- Sahodaran Ayyappan
The new fraternity movement which is christened Sahodarya Prasthanam that came to existence in Cherayi in the birth place of the social revolutionary, renaissance thinker and writer Sahodaran K Ayyappan, on 20th February 2011 is a unique social formation that proclaims to include the socio-politically and culturally challenged sections of Kerala society. It is a greater fraternity of dalits, backward communities, women and minorities of various denominations including religion, language and sexuality. It is important to mark that it was here in Cherayi that Sahodaran launched his anti-caste agitations through the 1917 inter-caste dining that startled the orthodoxies and initiated social change.
It is floated by some of the leading social activists and fighters for justice in contemporary Kerala like K K Kochu, Sunny Kapikkadu, Adv. K S Madhusudanan, P K Abdul Razak, K D Martin, K S Abdul Karim and others. It is a democratic alliance and fraternity between the marginalized and excluded sections of Kerala society. It is all the more significant in the contexts of the alienation and demonization of the minor subjects and contested sections of the Kerala society under the hegemonic discourses of the patriotic and militant cultural nationalism and its various regional avatars.
According to the spokesmen it is also vital for the people at the bottom as a platform for affirming and articulating their fraternity when the monopoly ruling classes/castes try to divide them in terms of religion, caste, gender, class and sexual orientation and usurp their rightful share in political power. The victims of the divide and rule strategy adopted by the internal imperialism of Brahmanism are getting aligned themselves under the banner of human brotherhood or sisterhood or cross gender fraternity here. This kind of radical realization of the subaltern is all the more important in the contexts of hate propaganda models like “love-jihad’ and ‘talibanisation’ that split the people at the grass root level.
An installation at the venue (Sahodaran Memorial High School, Cherayi) by leading young artists Jayalal M T, Benoy P J, Baiju Neendoor and the rest enacted the spirit of Kerala renaissance and the working culture of the basic communities of Kerala. It visually installed the philosophy and praxis of love and fraternity invoked by the life and works of Sahodaran. An Ayyappanist in many respects like me reads the ideology of Sahodaranism in this simple, seductive and enagaging visual narrative which is spatially de-centered and aesthetically and politically plural in its signification. The work titled “Smell of Salt” is a profound artistic critique and tribute to the people or subaltern in Kerala, their historic struggles for liberty and their organic and human instincts of equality and fraternity.
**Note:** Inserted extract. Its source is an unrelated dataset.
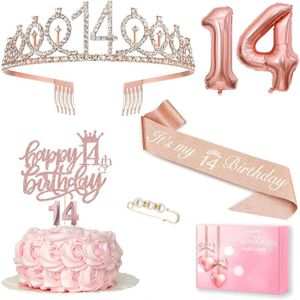 Pack Anniversaire 18 Ans Fille - Écharpe Et Couronne Or Rose Et Noir
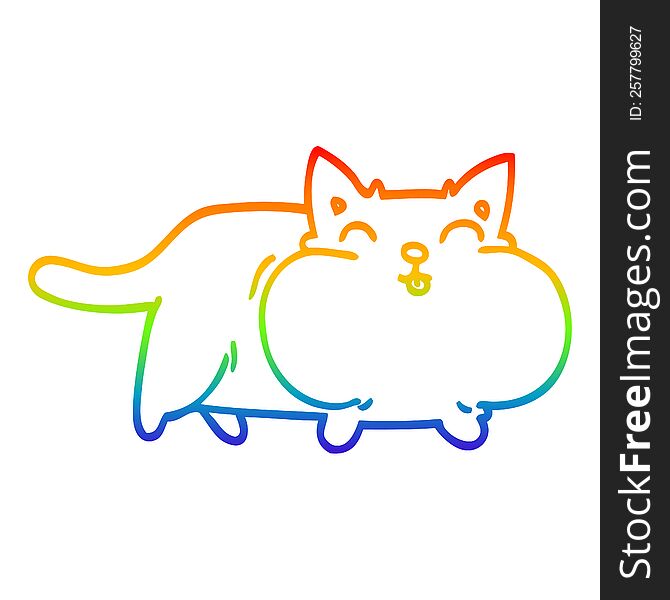 rainbow gradient line drawing of a cartoon fat cat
I salute the artists and organizers and appeal them to document and preserve this political and public art which is a rare manifestation in the cultural politics of Kerala. It again enlivens the historic memories of the burning of the caste monster by Ayyappan at the very heart of Cherayi more than a century ago which initiated the whole repertoire of symbolic protest in the public sphere of Kerala. That kind of radical intervention in and renewal of visual sensibility of the people is involved in the present installation work as well. It links this contemporary art/political practice to the historic installation at Aruvipuram by Narayana Guru himself (1888) that distinctly and poetically marked the subject formation and voice consciousness of the subaltern in Kerala through its unprecedented challenge and critique of caste and Brahmanism.
The very meeting for the declaration of fraternity at SMHS Cherayi was conceived after Sahodaran’s historic Declaration of Human Rights(1945) at Ernakulam. The meet was marked for its mass participation of people from all walks of life. Women and children from minority communities were present in large numbers. There were representatives from all sections of the society on the platform. Even dalit feminists and lesbian feminist activists addressed the mixed gathering and shared their concerns for the development of the idea and practice of fraternity in a diverse and heterogeneous society where difference is the key word. But the fraternity meet proved that co-existence of differences is the democratic way of life in a diverse and plural society like us in the coming days.
The fraternity meet at SMHS and the public meet at Gauriswara temple premise (historic site of Narayana Guru’s own installation) prove that the movement ensures inclusion and representation in the true egalitarian and ethical spirit of democracy. In its greater spirit of tolerance, co-existence and inclusion the movement is more close to the teacher of Sahodaran rather than to the rationalist himself. While Sahodaran critiqued the religious for its anti-human aspects his guru upheld the humanitarian and ethical role of religions across cultures and societies. The Sahodarya movement has to address such profounder, epistemological and historic issues in its further acts and articulations. The beginning is artful and ethical in its multiple significations.